** Data for this exercise follows **
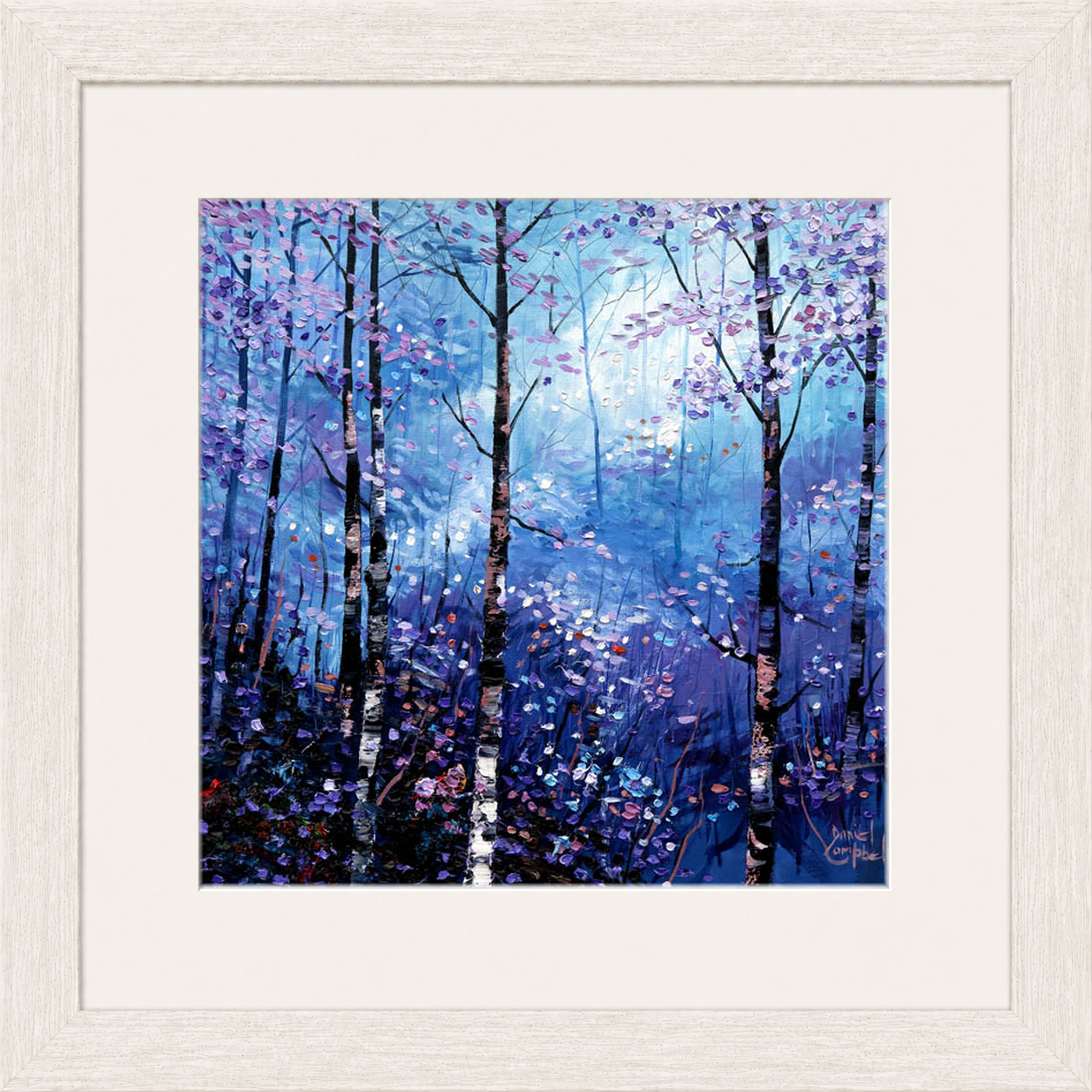 Silver Birches in Winter by Daniel Campbell framed wall art print showing silver birch trees in an atmospheric blue winter woodland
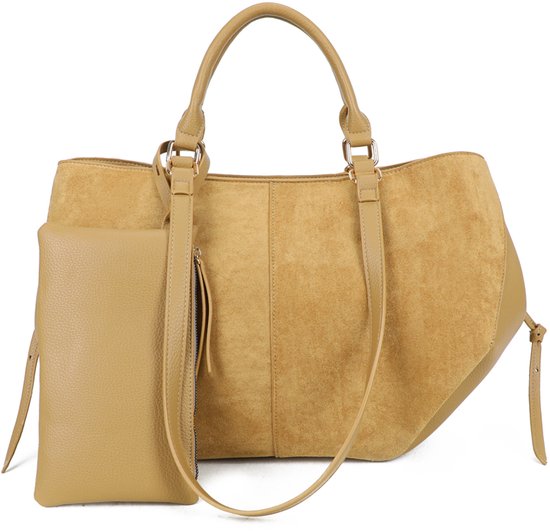 Gallantry® Sac à main pour femmes – Sac Shopper – Sac à bandoulière pour femmes – Grand sac de travail avec fermeture éclair – Sac pour femmes avec portefeuille - Kaki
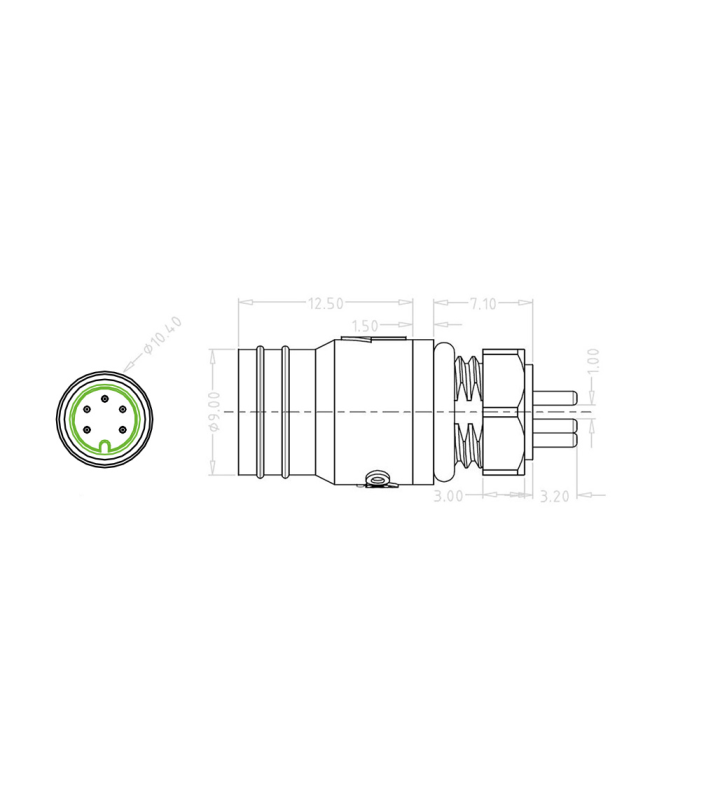 Mini B Female panel mount connector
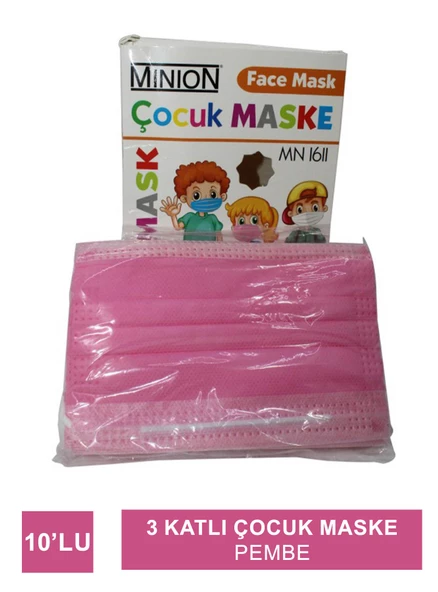 Minion Maske 3 Katlı Çocuk 10lu Pembe ürün görseli 1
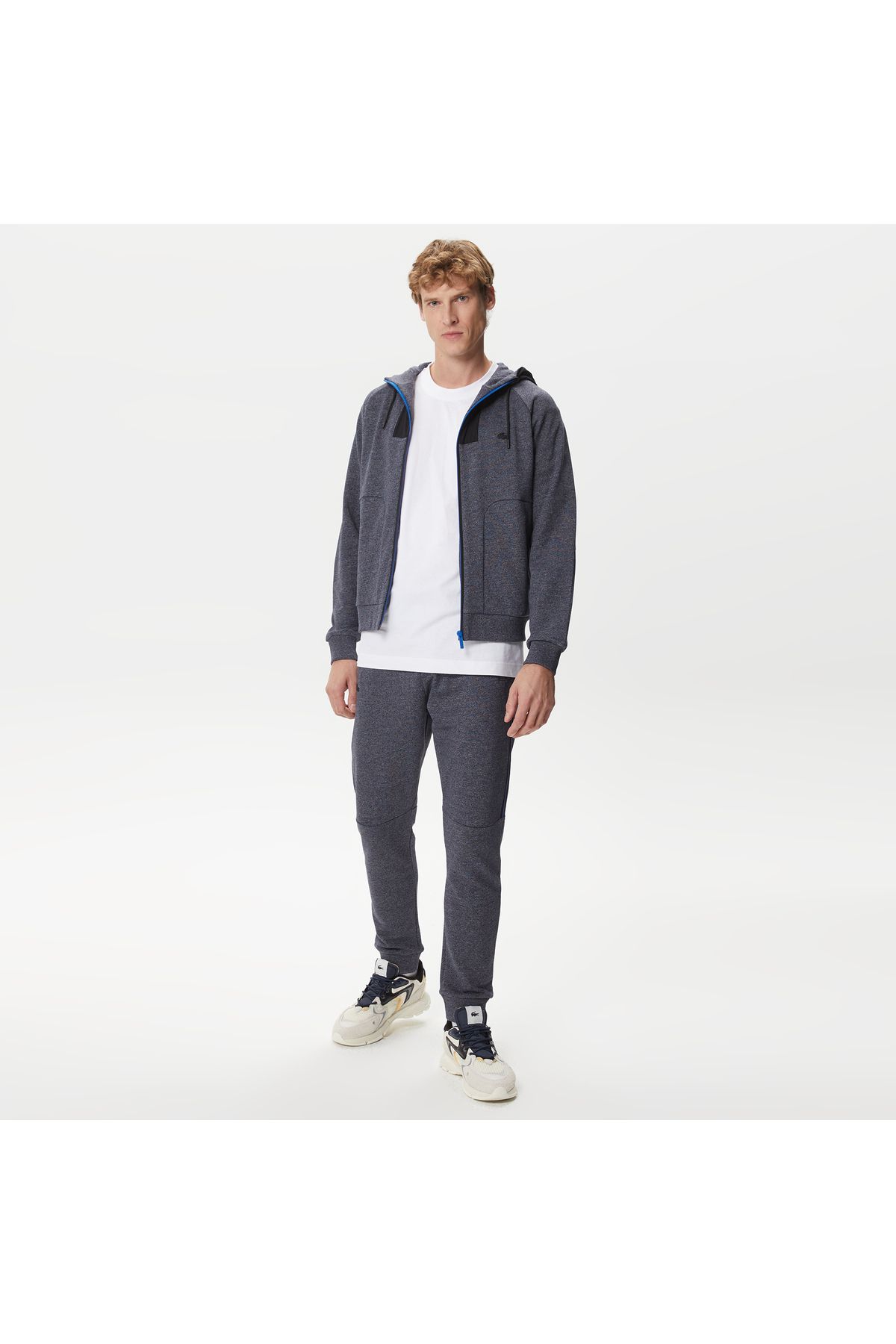 سویشرت آبی مردانه بلوک رنگی باریک و Lacoste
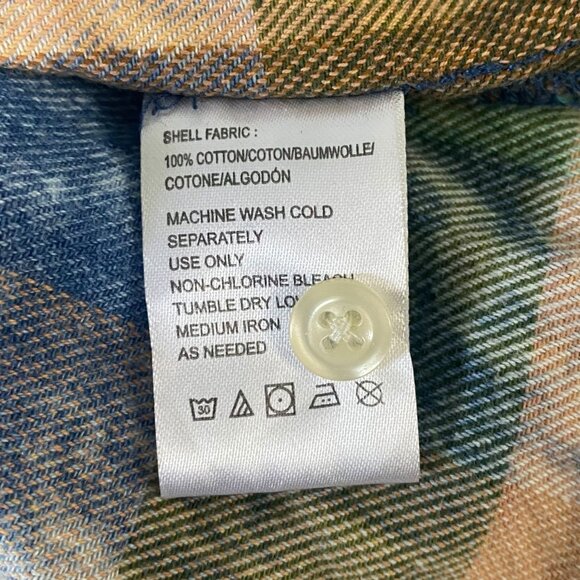 Anthropologie Ruffle Henley Top Women's Small Acid-Washed Tonal Check Tunic - Picture 9 of 11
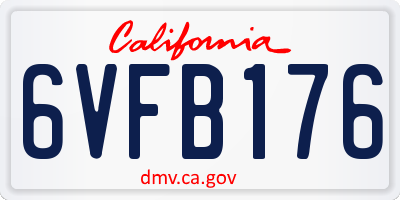 CA license plate 6VFB176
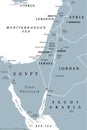 Israel and the Sinai Peninsula, the Southern Levant, gray political map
** End of Data for this exercise **
> _What the task asks_: Pictures are to be left out; repeat all the remaining data exactly.

> _Exercise answer_:
 Silver Birches in Winter by Daniel Campbell framed wall art print showing silver birch trees in an atmospheric blue winter woodland
 Gallantry® Sac à main pour femmes – Sac Shopper – Sac à bandoulière pour femmes – Grand sac de travail avec fermeture éclair – Sac pour femmes avec portefeuille - Kaki
 Mini B Female panel mount connector
 Minion Maske 3 Katlı Çocuk 10lu Pembe ürün görseli 1
 سویشرت آبی مردانه بلوک رنگی باریک و Lacoste
 Anthropologie Ruffle Henley Top Women's Small Acid-Washed Tonal Check Tunic - Picture 9 of 11
 CA license plate 6VFB176
 Israel and the Sinai Peninsula, the Southern Levant, gray political map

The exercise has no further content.